Problem details → Find the lines holding the string "white" in the data, then copy all of them.

Input records →
○ ○ ○ ○ ○
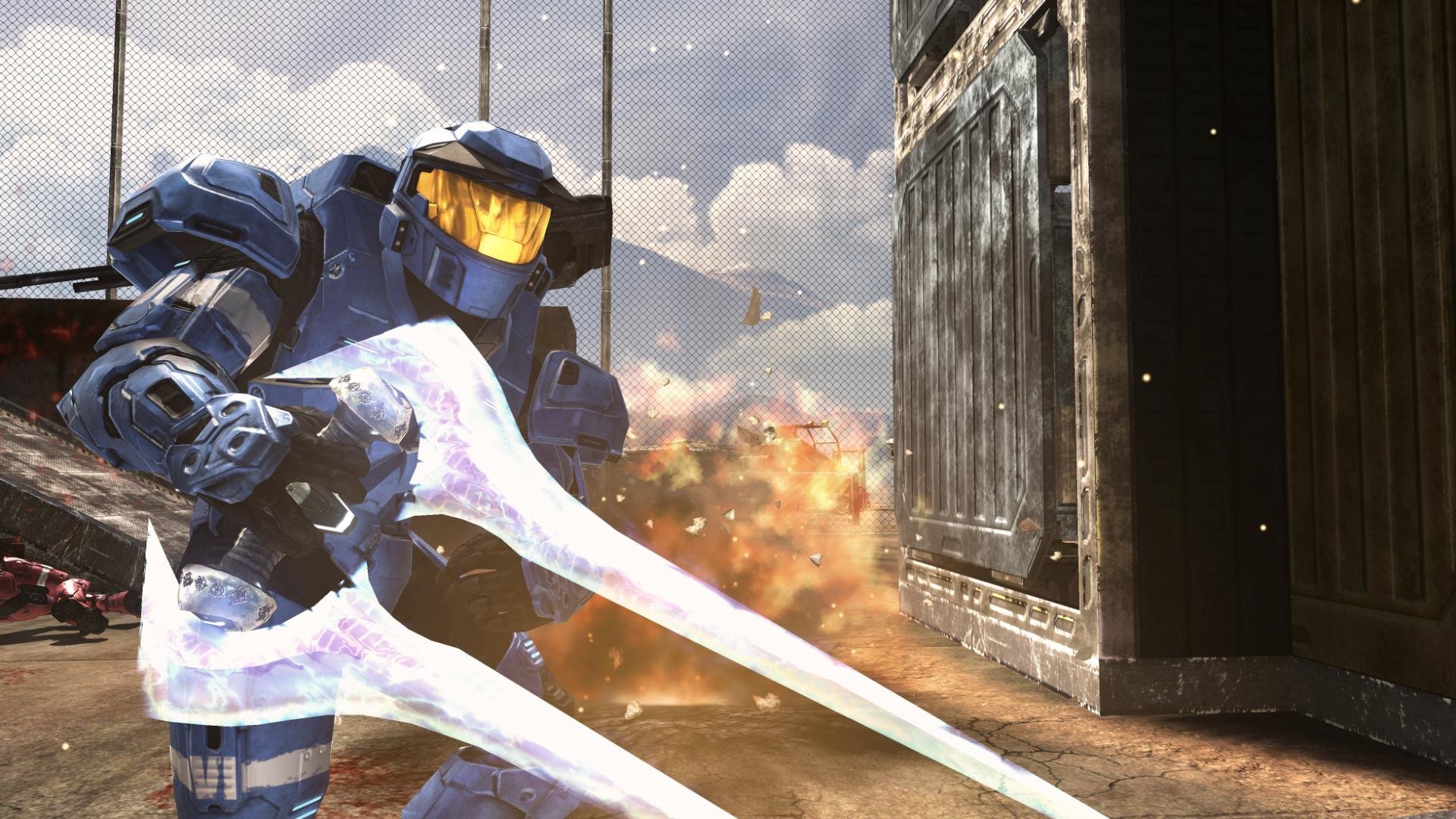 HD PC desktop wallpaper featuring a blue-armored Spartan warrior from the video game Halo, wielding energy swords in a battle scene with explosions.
○ ○ ○ ○ ○
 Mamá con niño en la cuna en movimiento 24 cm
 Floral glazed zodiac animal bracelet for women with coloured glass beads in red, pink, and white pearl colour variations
○ ○ ○ ○ ○
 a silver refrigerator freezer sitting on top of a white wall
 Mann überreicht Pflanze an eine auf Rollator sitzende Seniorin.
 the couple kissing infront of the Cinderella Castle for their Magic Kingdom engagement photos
○ ○ ○ ○ ○
Your response →
 Floral glazed zodiac animal bracelet for women with coloured glass beads in red, pink, and white pearl colour variations
 a silver refrigerator freezer sitting on top of a white wall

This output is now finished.